Content starts
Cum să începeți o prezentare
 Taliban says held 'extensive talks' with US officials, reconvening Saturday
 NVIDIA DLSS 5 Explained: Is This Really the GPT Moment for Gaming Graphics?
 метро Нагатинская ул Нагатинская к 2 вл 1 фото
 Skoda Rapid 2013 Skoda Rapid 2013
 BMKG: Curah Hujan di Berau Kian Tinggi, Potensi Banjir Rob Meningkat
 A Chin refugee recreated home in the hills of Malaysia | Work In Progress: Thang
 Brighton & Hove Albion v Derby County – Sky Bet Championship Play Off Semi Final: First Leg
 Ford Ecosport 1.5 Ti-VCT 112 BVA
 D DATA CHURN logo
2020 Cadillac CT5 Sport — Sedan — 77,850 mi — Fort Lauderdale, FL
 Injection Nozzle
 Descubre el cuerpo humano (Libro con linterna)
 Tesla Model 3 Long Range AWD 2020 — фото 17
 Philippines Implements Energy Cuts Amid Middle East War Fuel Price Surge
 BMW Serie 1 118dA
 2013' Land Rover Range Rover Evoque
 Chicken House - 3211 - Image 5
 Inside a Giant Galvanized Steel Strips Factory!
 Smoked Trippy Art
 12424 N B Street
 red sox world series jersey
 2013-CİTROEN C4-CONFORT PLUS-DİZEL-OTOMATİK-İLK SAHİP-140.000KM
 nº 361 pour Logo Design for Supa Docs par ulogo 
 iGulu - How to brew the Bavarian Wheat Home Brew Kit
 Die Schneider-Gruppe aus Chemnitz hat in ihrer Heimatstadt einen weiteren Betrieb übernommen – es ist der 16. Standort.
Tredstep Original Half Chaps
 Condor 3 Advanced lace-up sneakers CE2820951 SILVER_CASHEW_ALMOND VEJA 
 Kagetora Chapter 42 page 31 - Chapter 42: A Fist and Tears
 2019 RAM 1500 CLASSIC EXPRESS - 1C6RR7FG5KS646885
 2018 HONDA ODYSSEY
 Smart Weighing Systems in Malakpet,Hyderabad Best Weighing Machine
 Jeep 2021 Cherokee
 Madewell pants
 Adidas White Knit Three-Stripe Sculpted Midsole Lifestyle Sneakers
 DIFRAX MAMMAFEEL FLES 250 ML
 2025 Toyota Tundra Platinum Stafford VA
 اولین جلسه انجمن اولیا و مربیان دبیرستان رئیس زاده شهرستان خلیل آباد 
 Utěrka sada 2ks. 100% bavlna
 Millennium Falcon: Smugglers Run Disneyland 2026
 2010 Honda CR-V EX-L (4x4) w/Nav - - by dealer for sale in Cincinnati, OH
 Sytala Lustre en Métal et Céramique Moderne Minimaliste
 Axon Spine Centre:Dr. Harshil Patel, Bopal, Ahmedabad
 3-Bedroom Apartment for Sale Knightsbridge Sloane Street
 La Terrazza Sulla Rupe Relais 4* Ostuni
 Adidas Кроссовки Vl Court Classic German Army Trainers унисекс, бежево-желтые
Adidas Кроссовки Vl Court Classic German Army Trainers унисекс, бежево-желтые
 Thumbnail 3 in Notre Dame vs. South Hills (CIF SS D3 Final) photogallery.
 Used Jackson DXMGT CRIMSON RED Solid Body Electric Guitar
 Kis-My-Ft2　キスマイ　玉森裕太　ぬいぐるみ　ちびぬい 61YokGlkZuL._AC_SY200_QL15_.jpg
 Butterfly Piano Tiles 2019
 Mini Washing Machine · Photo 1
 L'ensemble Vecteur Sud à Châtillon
Content ends
From the records above, transcribe exactly the run of lines that opens with the line holding "D DATA CHURN logo" and closes with the line holding "nº 361 pour", both included.

## RESULT OF THE EXERCISE
 D DATA CHURN logo
2020 Cadillac CT5 Sport — Sedan — 77,850 mi — Fort Lauderdale, FL
 Injection Nozzle
 Descubre el cuerpo humano (Libro con linterna)
 Tesla Model 3 Long Range AWD 2020 — фото 17
 Philippines Implements Energy Cuts Amid Middle East War Fuel Price Surge
 BMW Serie 1 118dA
 2013' Land Rover Range Rover Evoque
 Chicken House - 3211 - Image 5
 Inside a Giant Galvanized Steel Strips Factory!
 Smoked Trippy Art
 12424 N B Street
 red sox world series jersey
 2013-CİTROEN C4-CONFORT PLUS-DİZEL-OTOMATİK-İLK SAHİP-140.000KM
 nº 361 pour Logo Design for Supa Docs par ulogo 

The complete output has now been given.